Tende-triage fuori dagli ospedali E c’è un piano per usare gli hotel
Arrivato al terzo giorno di allarme rosso, Angelo Borrelli – il capo della protezione civile, l’uomo sulle cui spalle grava per buona parte il compito di coordinare l’emergenza – riemerge dalla sala operativa di via Vitorchiano solo per due brevi faccia a faccia con la stampa: comunicazioni secche, nessuna domanda, le parole misurate una per una.
Nella seconda, Borrelli si limita a fornire i dati aggiornati alle 18, quelli che portano a 152 i casi di infezione. Poi si ritira, in serata ha in agenda un nuovo vertice con il premier Giuseppe Conte, con cui ha già fatto il punto della situazione intorno a mezzogiorno.
Dalla plancia di comando, Borrelli fa i conti minuto per minuto con la evoluzione dell’allarme. È il primo a rendersi conto che a questo punto non ci sono più certezze né zone franche. E infatti quando spiega che per adesso a venire circondate e isolate saranno solo le due zone di focolaio individuate per prime, quella nel Lodigiano e a Vo’ Euganeo, si guarda bene dall’escludere che la stessa sorte possa toccare ad altri territori: «È una valutazione – dice – che faremo con il comitato tecnico scientifico e le regioni. Per il momento le aree sono quelle indicate». Significa che di fronte a concentrazioni significative di nuovi casi, altre cinture sanitarie potrebbero scattare per impedire o almeno rallentare il propalarsi dell’epidemia. Il messaggio non passa inosservato, tanto che poco dopo il presidente della Lombardia, Attilio Fontana, deve precisare che tra gli scenari possibili non c’è quello di blindare l’intera Milano: «Sarebbe impensabile», spiega il governatore.
Che ci si debba preparare a situazioni difficili da gestire, però, lo ammette anche Fontana, «il numero sarà molto rilevante». Così la Protezione civile, insieme ai vertici delle regioni già coinvolte, si sta preparando ad affrontare la fase – che potrebbe non essere lontana – in cui il numero degli infettati supererà la capacità di accoglienza degli ospedali. Per garantire un posto letto a tutti i malati di coronavirus la prima soluzione sarà utilizzare le caserme: «Sono già disponibili migliaia di posti in decine di strutture militari», spiega Borrelli, specificando che l’esercito ha già garantito oltre mille camere per un totale di 3.412 posti e l’aeronautica 1.750. Dall’elenco manca la Marina ma se la situazione dovesse richiederlo è possibile che anche una o più navi militari possano essere messe a disposizione per mettere in quarantena gli infetti o sospetti tali.

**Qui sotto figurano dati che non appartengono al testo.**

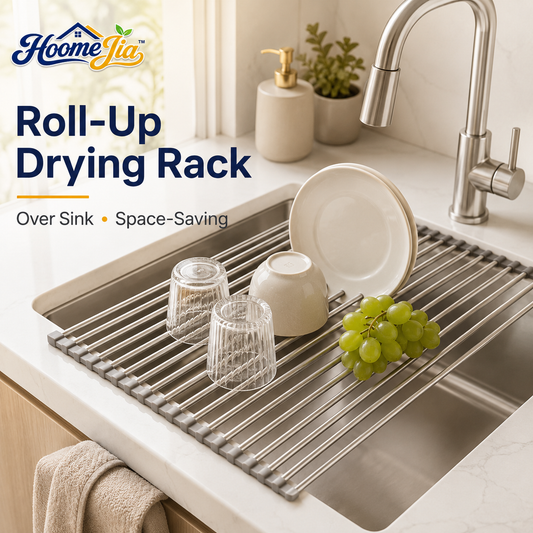 HoomeJia™ Roll-Up Dish Drying Rack Over Sink, Foldable Kitchen Drainer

La seconda risorsa su cui la Protezione civile intende appoggiarsi sono gli alberghi, che verrebbero requisiti fino al temine dell’emergenza. «Abbiamo fatto inoltre una ricognizione con le regioni per gli alberghi – ha spiegato Borrelli – e siamo pronti ad utilizzarli». In Lombardia è già iniziata la ricerca di hotel adatti alla bisogna. Ma è chiaro che tutte queste sistemazioni non ospedaliere possono essere utilizzate solo per una parte delle vittime, quelle che sono attualmente destinate al ricovero semplice (55 fino a ieri sera, oltre ai 27 indicati «in osservazione») che hanno sviluppato una forma soft della malattia, mentre per la terapia intensiva non si potrà fare a meno di reparti specializzati. Per questo la squadra di Borrelli e gli assessorati regionali stanno lavorando all’allestimento di tendopoli da affiancare agli ospedali, in modo da allentare l’affollamento e riservare ai malati più gravi i posti disponibili. La prima è già stata creata all’esterno del nosocomio di Schiavonia, in Veneto, unicamente come punto d’appoggio per il personale sanitario. Altre ne verranno create in Piemonte, all’esterno di tutti i Pronto soccorso, e saranno destinate al pre-triage, in modo da individuare i cittadini infetti prima dell’accesso alla struttura ospedaliera e del contatto con gli altri pazienti.